# EXERCISE DIRECTIONS
In the listing that follows, find the line with "We'll secure two", then copy exactly from it through the line with "They have all", leaving out every picture.

# MATERIAL PROVIDED
◆ ◆ ◆ ◆ ◆ ◆ ◆

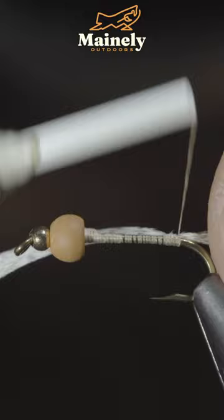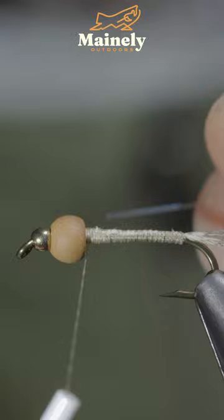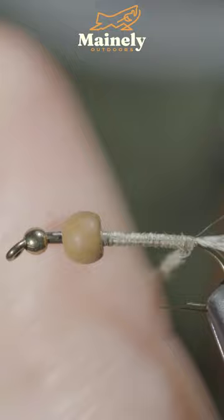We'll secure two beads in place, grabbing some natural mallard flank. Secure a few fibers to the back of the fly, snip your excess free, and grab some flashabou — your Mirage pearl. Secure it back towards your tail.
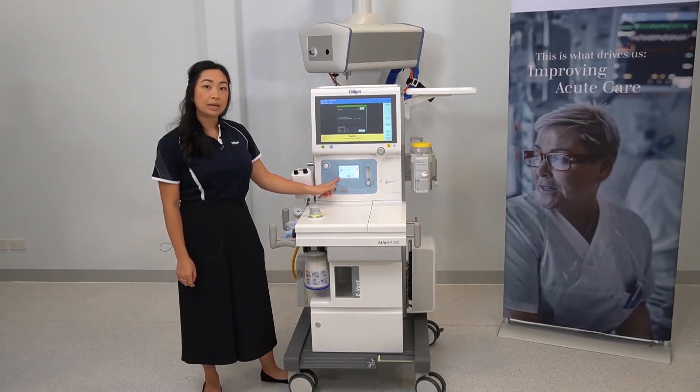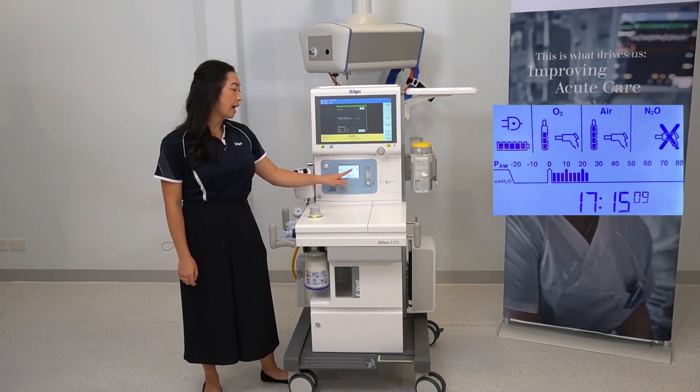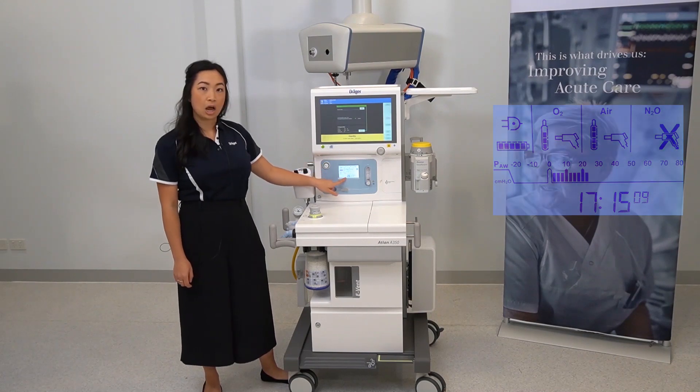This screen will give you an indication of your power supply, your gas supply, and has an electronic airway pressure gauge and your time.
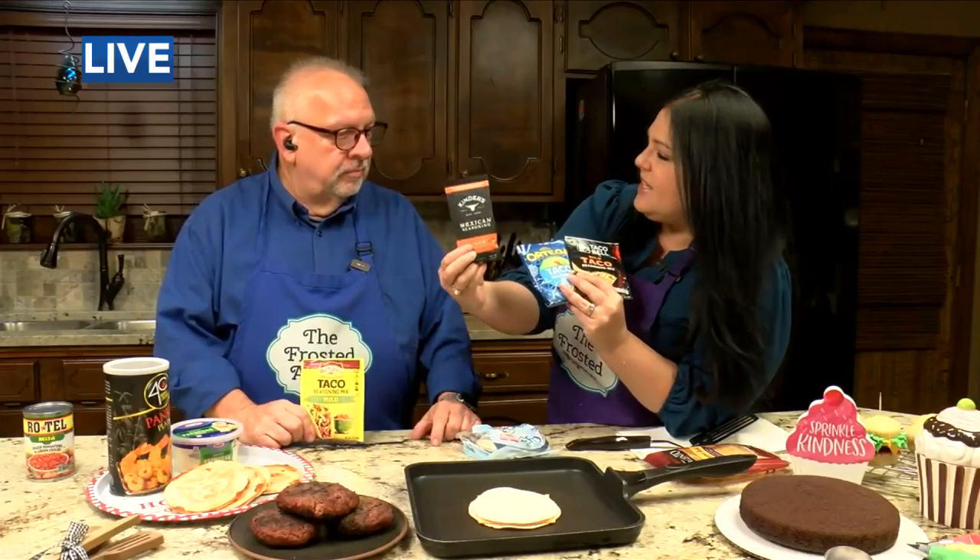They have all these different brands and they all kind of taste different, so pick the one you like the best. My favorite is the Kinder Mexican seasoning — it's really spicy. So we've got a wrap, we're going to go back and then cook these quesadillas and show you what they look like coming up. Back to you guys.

◆ ◆ ◆ ◆ ◆ ◆ ◆

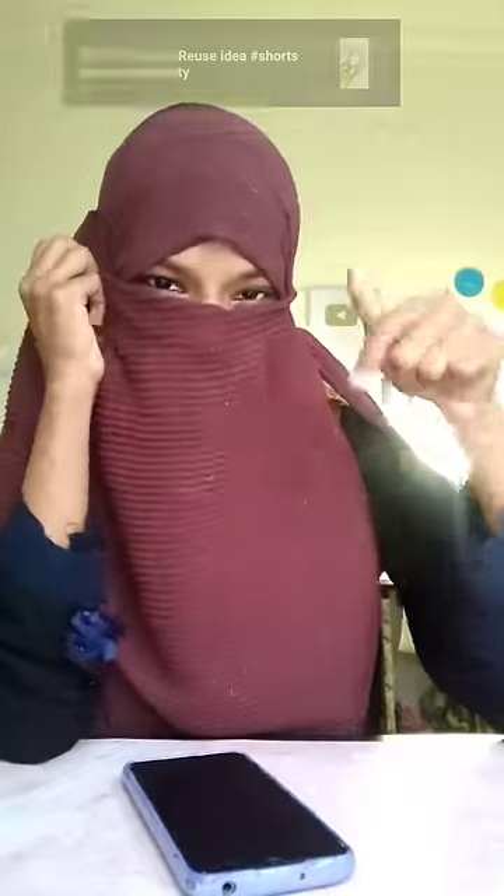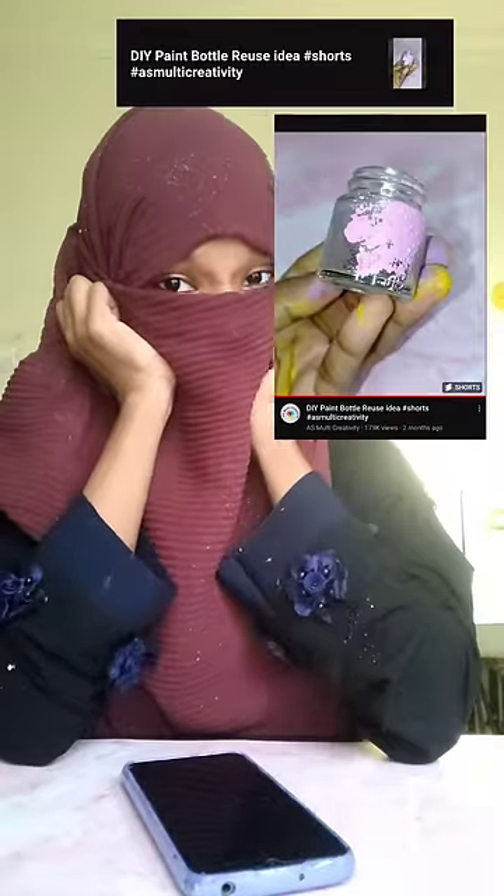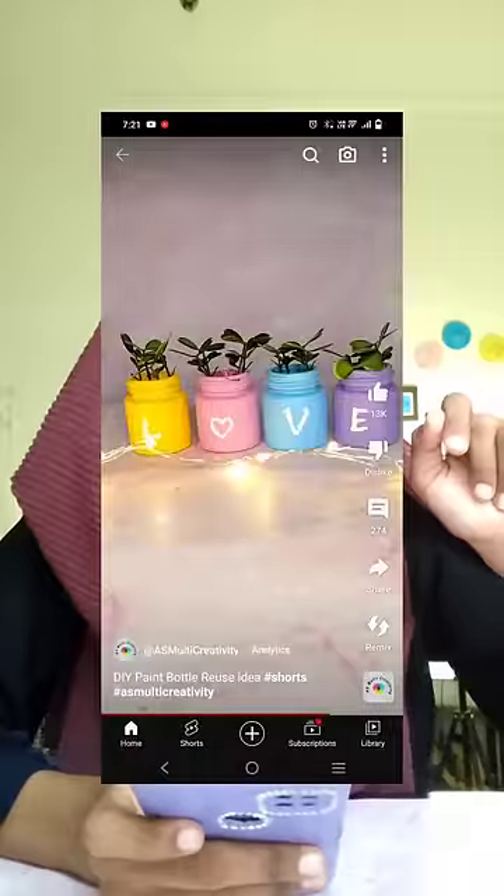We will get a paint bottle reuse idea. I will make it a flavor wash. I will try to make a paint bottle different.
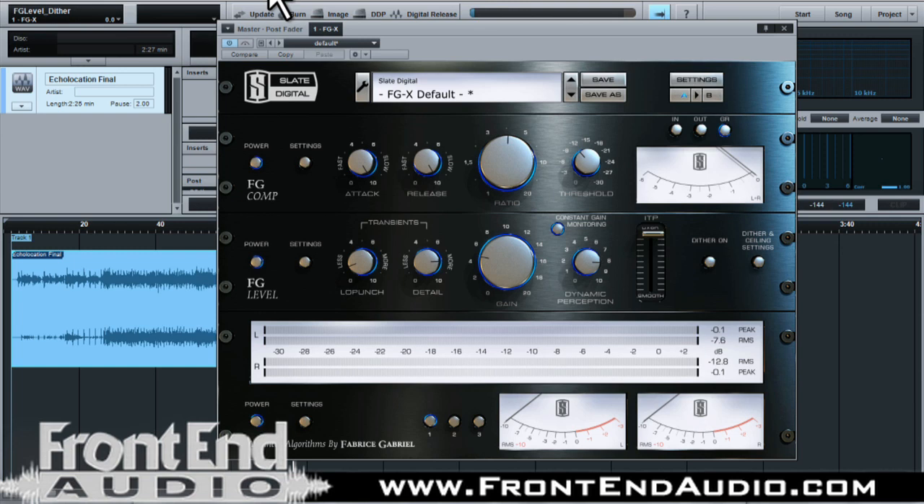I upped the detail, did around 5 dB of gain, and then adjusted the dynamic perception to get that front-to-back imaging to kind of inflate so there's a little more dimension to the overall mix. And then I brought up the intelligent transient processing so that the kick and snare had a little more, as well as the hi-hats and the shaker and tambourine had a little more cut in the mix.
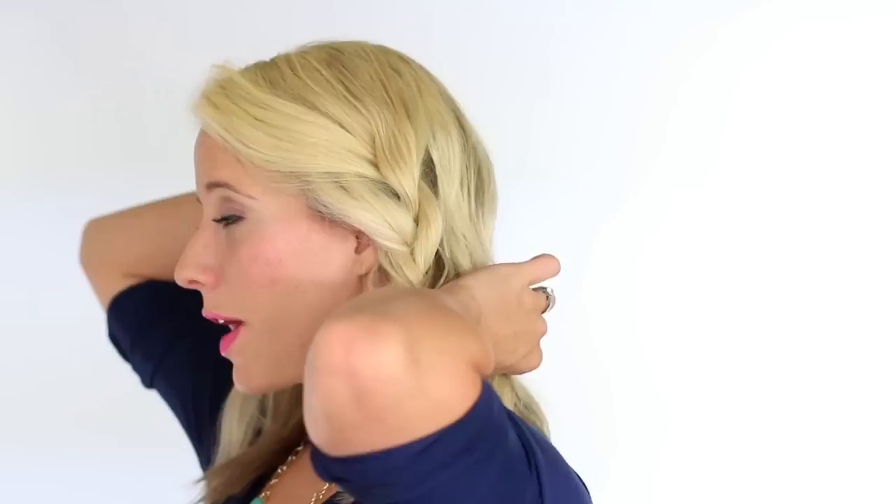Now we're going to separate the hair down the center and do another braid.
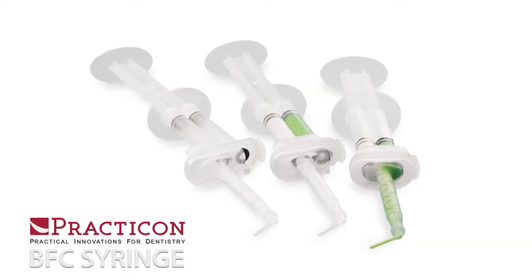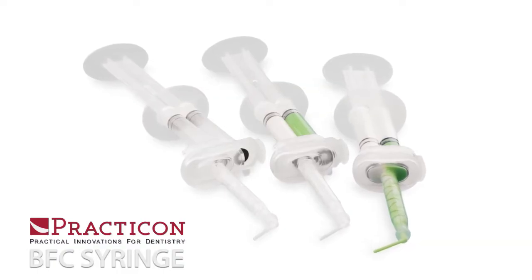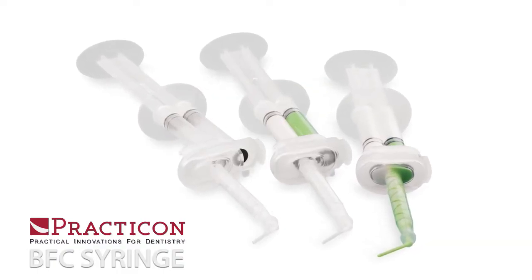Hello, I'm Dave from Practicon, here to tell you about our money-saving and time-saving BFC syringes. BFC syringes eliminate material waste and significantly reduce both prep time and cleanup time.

◆ ◆ ◆ ◆ ◆ ◆ ◆

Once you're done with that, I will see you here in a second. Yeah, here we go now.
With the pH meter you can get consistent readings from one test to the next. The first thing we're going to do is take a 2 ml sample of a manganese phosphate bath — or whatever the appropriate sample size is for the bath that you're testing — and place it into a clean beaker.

◆ ◆ ◆ ◆ ◆ ◆ ◆

# SOLUTION TO THE EXERCISE
We'll secure two beads in place, grabbing some natural mallard flank. Secure a few fibers to the back of the fly, snip your excess free, and grab some flashabou — your Mirage pearl. Secure it back towards your tail.
This screen will give you an indication of your power supply, your gas supply, and has an electronic airway pressure gauge and your time.
They have all these different brands and they all kind of taste different, so pick the one you like the best. My favorite is the Kinder Mexican seasoning — it's really spicy. So we've got a wrap, we're going to go back and then cook these quesadillas and show you what they look like coming up. Back to you guys.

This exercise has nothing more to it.